**Exercise objective**: In the records below, the line with "(2010-2013) KIA SPORTAGE" opens the range and the line with "Volvo XC60 2017 Valkoinen" closes it; print that range exactly and nothing else.

**Records provided**:
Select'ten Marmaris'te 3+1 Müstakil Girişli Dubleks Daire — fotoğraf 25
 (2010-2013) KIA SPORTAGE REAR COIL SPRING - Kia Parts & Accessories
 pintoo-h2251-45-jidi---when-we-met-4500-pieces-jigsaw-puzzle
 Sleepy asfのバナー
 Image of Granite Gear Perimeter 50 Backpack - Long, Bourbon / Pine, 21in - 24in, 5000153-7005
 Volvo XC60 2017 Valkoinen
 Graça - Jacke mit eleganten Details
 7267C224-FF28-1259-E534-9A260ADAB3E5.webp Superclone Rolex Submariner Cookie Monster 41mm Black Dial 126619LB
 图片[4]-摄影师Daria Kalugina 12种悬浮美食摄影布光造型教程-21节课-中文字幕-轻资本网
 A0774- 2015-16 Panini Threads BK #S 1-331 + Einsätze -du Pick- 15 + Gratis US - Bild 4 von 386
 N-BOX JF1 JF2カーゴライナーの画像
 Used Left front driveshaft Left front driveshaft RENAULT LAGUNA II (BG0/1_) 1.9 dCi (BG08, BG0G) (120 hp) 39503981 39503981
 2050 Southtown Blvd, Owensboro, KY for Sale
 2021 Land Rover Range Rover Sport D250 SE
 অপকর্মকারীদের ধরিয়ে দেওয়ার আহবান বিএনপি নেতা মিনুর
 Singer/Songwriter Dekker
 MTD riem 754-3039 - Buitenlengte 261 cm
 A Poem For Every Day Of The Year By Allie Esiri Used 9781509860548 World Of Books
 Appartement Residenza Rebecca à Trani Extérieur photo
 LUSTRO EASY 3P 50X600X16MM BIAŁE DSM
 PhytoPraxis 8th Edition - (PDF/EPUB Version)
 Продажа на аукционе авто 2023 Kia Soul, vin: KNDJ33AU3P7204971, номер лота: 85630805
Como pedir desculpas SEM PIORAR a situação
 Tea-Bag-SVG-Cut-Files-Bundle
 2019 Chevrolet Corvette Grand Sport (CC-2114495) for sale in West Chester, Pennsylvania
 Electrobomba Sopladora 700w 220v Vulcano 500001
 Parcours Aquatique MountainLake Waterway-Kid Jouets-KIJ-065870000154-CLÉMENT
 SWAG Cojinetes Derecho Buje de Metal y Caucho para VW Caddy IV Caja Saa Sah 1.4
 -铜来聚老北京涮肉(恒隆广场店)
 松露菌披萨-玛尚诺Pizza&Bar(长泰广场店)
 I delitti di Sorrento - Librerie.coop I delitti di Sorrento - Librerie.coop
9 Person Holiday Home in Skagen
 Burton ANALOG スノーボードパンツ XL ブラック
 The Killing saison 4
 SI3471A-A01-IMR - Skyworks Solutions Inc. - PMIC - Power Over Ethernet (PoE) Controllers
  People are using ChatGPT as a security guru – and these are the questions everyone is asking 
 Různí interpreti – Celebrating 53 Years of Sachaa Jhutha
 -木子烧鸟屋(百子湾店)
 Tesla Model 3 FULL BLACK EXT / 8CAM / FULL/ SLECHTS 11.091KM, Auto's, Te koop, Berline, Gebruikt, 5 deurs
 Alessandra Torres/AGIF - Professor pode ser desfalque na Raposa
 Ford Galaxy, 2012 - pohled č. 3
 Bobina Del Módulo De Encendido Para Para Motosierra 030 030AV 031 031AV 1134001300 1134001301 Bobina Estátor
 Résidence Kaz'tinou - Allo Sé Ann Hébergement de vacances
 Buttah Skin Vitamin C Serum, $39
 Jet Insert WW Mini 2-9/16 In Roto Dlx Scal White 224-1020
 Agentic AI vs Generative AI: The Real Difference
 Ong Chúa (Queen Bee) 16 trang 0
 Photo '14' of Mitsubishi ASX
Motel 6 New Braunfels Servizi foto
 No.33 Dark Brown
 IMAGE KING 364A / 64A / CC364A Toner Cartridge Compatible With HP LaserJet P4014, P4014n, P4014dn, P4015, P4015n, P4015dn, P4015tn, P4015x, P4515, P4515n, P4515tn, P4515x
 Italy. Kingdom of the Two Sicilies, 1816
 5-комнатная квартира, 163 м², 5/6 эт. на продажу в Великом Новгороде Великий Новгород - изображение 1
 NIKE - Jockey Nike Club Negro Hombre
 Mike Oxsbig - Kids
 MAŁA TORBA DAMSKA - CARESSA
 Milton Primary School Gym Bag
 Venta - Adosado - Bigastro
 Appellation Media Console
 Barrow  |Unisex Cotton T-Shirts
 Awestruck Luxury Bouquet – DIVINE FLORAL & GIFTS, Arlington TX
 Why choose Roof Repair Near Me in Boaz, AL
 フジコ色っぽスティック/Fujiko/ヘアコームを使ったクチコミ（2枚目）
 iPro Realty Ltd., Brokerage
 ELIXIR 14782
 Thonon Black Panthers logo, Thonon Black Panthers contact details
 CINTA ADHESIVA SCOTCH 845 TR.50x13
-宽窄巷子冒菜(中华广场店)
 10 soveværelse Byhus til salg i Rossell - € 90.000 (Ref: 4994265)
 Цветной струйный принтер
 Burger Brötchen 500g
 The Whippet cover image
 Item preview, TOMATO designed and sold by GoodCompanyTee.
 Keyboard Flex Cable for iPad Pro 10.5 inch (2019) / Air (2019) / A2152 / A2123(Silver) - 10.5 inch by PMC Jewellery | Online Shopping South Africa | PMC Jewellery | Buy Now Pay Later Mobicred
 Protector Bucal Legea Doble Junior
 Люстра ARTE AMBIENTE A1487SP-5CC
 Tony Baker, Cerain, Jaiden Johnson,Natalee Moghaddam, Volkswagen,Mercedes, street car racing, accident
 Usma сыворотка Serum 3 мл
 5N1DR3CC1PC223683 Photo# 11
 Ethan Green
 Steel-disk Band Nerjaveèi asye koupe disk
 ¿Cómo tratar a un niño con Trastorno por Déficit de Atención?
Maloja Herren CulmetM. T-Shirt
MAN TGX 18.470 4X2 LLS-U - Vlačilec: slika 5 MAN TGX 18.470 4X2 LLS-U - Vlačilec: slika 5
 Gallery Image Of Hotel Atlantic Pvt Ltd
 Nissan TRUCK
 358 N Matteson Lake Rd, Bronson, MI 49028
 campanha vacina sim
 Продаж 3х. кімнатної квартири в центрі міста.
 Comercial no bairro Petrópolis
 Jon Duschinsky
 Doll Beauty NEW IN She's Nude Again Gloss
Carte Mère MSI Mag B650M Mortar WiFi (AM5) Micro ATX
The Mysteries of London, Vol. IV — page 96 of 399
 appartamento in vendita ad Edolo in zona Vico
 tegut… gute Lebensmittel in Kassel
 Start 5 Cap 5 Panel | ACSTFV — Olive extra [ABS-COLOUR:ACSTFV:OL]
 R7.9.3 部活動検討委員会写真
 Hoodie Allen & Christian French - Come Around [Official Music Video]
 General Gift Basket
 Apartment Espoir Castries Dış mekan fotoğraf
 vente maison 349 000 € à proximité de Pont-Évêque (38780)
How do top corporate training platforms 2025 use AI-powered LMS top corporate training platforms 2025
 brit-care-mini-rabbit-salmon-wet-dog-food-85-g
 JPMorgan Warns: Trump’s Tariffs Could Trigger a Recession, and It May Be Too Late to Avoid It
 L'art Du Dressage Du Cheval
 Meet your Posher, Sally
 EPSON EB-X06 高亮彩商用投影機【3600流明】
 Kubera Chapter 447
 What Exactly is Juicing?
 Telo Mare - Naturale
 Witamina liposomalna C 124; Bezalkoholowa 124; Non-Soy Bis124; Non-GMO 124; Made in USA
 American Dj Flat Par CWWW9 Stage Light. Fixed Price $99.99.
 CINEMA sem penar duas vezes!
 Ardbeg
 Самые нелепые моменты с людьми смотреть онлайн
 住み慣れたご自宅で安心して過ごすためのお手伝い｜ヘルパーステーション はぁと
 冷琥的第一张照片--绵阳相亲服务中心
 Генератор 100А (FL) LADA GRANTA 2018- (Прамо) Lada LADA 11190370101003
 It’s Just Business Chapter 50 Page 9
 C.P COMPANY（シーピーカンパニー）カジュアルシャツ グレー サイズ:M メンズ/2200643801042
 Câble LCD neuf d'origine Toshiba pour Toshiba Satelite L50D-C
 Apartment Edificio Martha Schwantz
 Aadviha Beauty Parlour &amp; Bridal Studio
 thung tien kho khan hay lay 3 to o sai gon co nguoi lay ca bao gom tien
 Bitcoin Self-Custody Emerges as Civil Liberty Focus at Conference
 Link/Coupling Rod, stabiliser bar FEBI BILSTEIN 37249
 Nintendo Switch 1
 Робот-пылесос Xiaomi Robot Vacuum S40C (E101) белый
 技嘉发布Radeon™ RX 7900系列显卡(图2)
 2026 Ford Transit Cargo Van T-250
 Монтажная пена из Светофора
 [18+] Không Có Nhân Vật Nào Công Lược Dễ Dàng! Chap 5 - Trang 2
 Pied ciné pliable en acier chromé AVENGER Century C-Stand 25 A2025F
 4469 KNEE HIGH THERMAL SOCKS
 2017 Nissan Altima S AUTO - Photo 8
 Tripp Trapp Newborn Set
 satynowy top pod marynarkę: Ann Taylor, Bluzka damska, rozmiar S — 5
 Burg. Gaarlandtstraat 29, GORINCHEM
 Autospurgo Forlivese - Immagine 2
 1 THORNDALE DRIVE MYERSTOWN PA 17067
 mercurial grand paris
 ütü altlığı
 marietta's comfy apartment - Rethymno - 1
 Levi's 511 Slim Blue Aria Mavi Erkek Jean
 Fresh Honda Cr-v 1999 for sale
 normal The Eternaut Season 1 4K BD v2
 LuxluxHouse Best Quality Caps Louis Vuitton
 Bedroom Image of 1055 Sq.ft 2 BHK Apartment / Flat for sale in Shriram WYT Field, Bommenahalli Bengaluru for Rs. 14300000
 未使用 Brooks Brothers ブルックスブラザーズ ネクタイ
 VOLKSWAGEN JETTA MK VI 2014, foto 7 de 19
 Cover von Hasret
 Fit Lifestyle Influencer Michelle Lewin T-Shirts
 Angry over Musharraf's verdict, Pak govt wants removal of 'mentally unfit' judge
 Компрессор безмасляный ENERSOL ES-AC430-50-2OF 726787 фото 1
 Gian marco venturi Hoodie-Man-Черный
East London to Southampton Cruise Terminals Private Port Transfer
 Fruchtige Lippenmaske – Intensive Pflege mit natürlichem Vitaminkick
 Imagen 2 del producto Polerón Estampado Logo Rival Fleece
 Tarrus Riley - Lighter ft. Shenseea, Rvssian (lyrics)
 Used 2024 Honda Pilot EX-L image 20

**Response for this exercise**:
 (2010-2013) KIA SPORTAGE REAR COIL SPRING - Kia Parts & Accessories
 pintoo-h2251-45-jidi---when-we-met-4500-pieces-jigsaw-puzzle
 Sleepy asfのバナー
 Image of Granite Gear Perimeter 50 Backpack - Long, Bourbon / Pine, 21in - 24in, 5000153-7005
 Volvo XC60 2017 Valkoinen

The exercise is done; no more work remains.